The applicant with a view to economize the treatment of such material proposed a
process so as to recover useful constituent from multi-layer laminated fragments
of packing industrial refuse from each other by treating the fragments with an
inorganic solution in particular, nitric acid, so as to loosen the bonding of the
constituents and recovering such constituents. The said process is covered in the
applicant's International Patent Application publication No.WO/02/50175.
The applicant has now found that recovery of laminated constituents can also be
economically effected by treating the material with an inorganic base, in particular
sodium hydroxide. The use of sodium hydroxide is found to result in substantial
economy because the organic compounds used in prior arts are relatively more
expensive. The process of the present invention is also relatively economical and

efficient than that of the applicants earlier work being WO/02/50175 also because
Sodium aluminate (NaAI02) (either conc, solution or dried powder) eventuate as a
product of the process.
Thus the primary object of the present invention is to provide an improved process
for recovery of constituents of multi-layer laminated fragments of packaging
industrial refuse / scraps / waste etc.
A further object of the present invention is to provide an alternative process for the
recovery of laminated constituents that is economical and does not involve any
expensive/sophisticated treatment.
A still further object of the present invention is to provide a process for the
recovery of the laminated constituents that is Eco-friendly.
Yet another object of the present invention is to provide a process for the recovery
of laminated constituents such that the process, at its final stage, results profitable
end products
Yet a further object of the present invention is to provide a process for the
recovery of laminated constituents such that the process is applicable even where
the lamination is mechanically stubborn or where the aluminium foil is very thin.
SUMMARY OF INVENTION:
Thus according to the present invention there is provided a process for the
recovery of useful constituents from multi-layered fragments of packaging
industrial refuse by separating them as individual constituents, the process
comprising contacting the fragments with an inorganic basic solution, so as to
recover the laminated metal aluminium as metal aluminium salt and set free the
fragments of polyethylene plastics from lamination
The metal aluminium is recovered in the form of reusable salts while the plastics
retains its physical form.


Contacting of the fragments with the inorganic basic solution is done for a period
of between 48 - 84 hours.
The recovered aluminium salt is sodium aluminate.
From such produced Sodium aluminate, Aluminium hydroxide gel [AI(OH)3] either
of commercial grade or of pharmacy grade results as other product of the metal
aluminium salt.
Also from thus obtained Aluminium hydroxide gel by adequate calcination dried
powder of Alumina (AI2O3) can be yielded as other aluminium salt.

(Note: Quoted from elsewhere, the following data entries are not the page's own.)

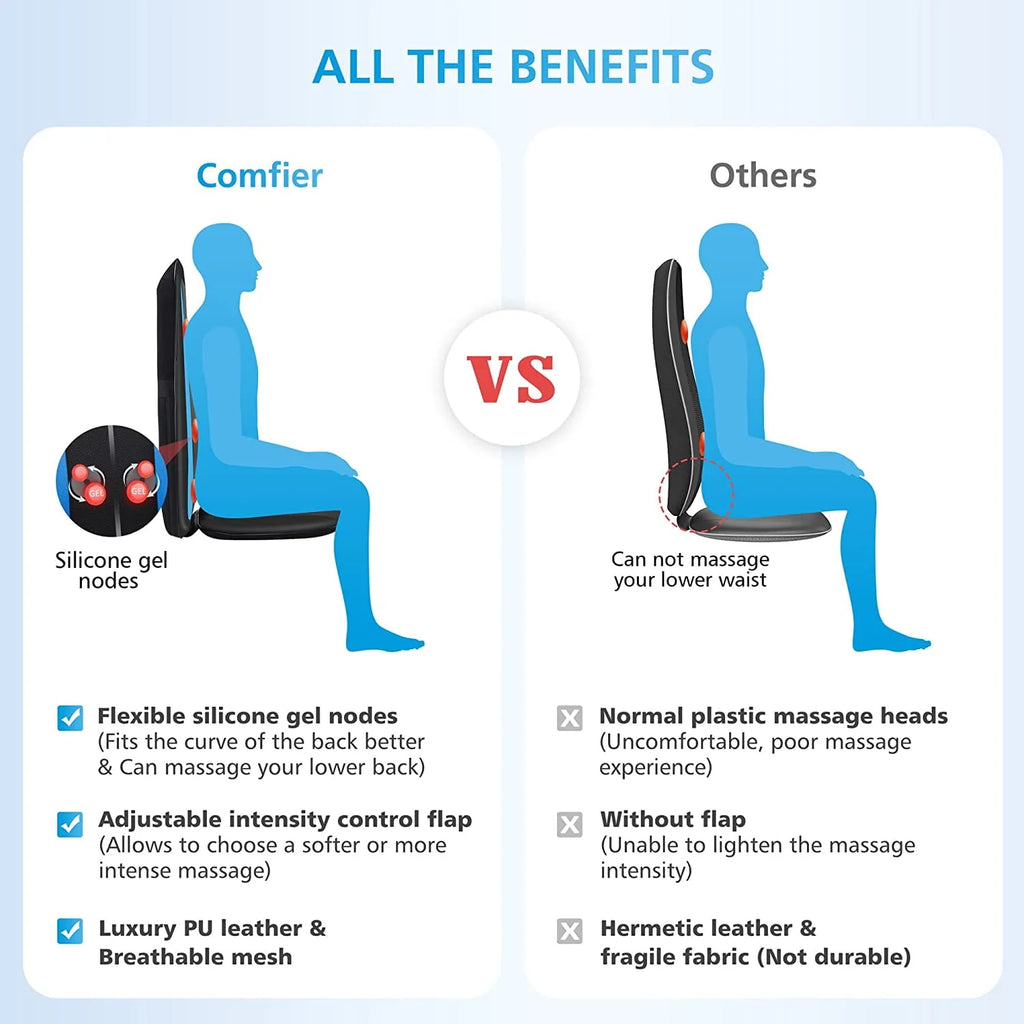 Shiatsu Back Massager with Heat Black Y58956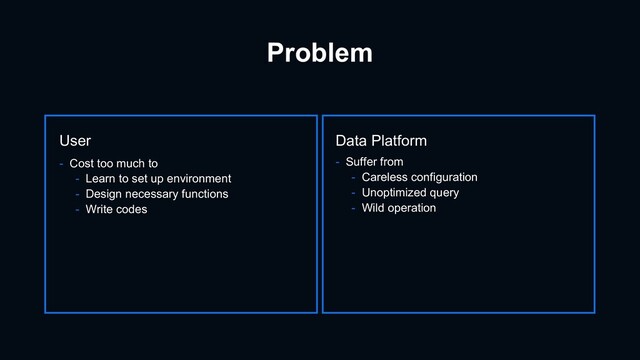 Problem
User
- Cost too much to
- Learn to set up environment
- Design necessary functions
- Write codes
Data Platform
- Suffer from
- Careless configuration
- Unoptimized query
- Wild operation
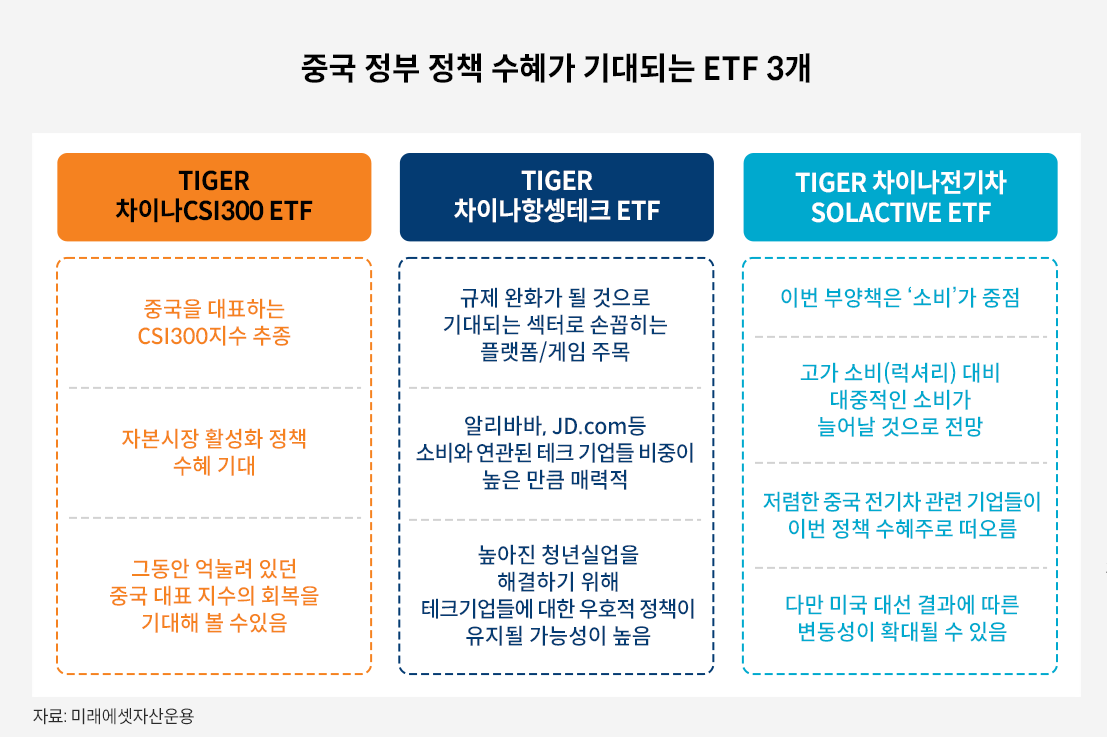 해당 이미지는 중국 정부 정책 수혜가 기대되는 ETF 3개입니다. TIGER 차이나 CSI300 ETF, TIGER 차이나항셍테크 ETF, TIGER 차이나전기차SOLACTIVE ETF  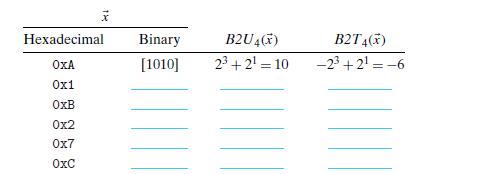 x Hexadecimal Binary OXA [1010] 0x1 OxB 0x2 0x7 0xC B2U4(x) 2 +2=10 B2T4(x) -2 +2=-6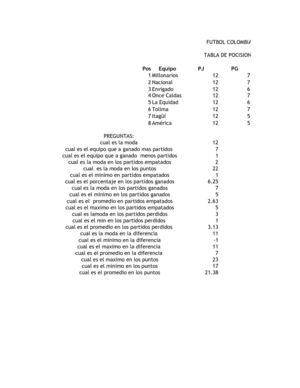 tabla de puntos liga postobon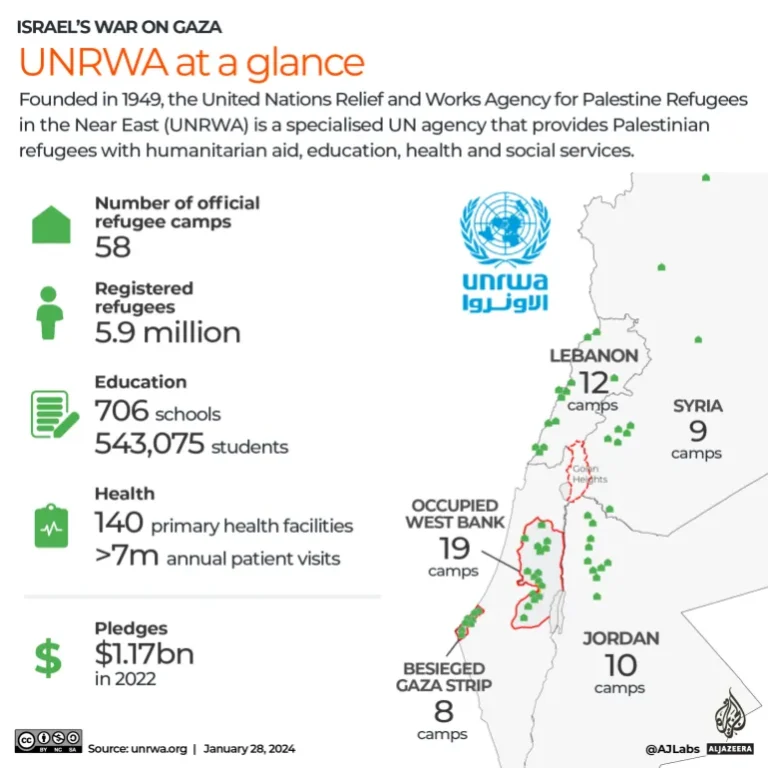 INTERACTIVE UNRWA at a glance 1706592698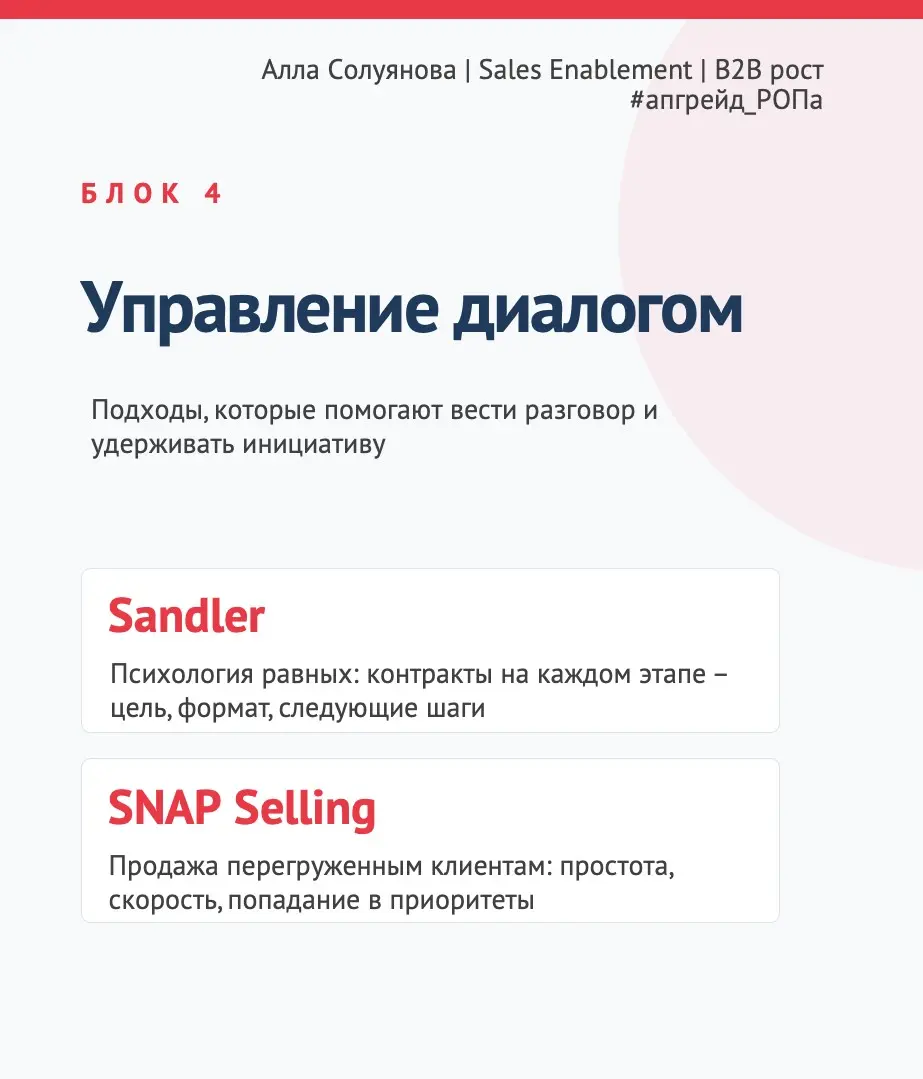 Научите нас SPIN-продажам | Сетка — социальная сеть от hh.ru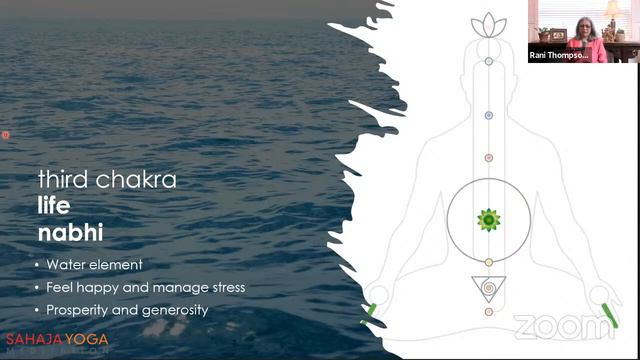 Sahaja Yoga Meditation Online смотреть онлайн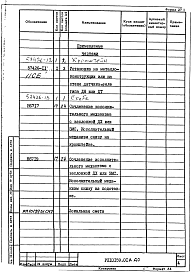 Состав альбома. Проект 10159 ПечьЧасть 2 Тепловой контроль и автоматика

Again from
Aluminium hydroxide gel through proper chemical reaction other aluminium salts
as Aluminium sulphate [AI2(SO4)3], Aluminium nitrate [AI(NO3)3] etc. can also be
obtained.
DESCRIPTION OF PREFERRED EMBODIMENT:
According to the present invention multi-layer laminated packaging industrial
refuse laminated with plastics and thin foils of aluminium, either in one side or in
both the sides are used for recovery of plastics in as it is physical condition and
metal aluminium foils in the form of aluminium salts. The entire refuse may appear
either in sheets form, strips form, tubes form or sometimes in already shredded /
trimmings form. The reference numerals in brackets refer to figure 1.
Through conventional shredder un-shredded forms are shredded breadth-wisely
at an average 25mm to 50mm irrespective of length, but preferably not more than
1 metre (1) (figure 1). The comminuted refuse fragments are dipped in inorganic
base solvent, 2M sodium hydroxide solution at ambient temperature (2). The
mass is allowed to stand quietly under casual supervision for about 48 to 84 hours
depending upon the size of shredding.
At ambient temperature 2M sodium hydroxide solution slowly by etching dissolves
the aluminium and release the free plastics within the solution. When the
aluminium foils get totally dissolved the plastics being freed from lamination come
in a free floating condition awaiting for removal from the solution.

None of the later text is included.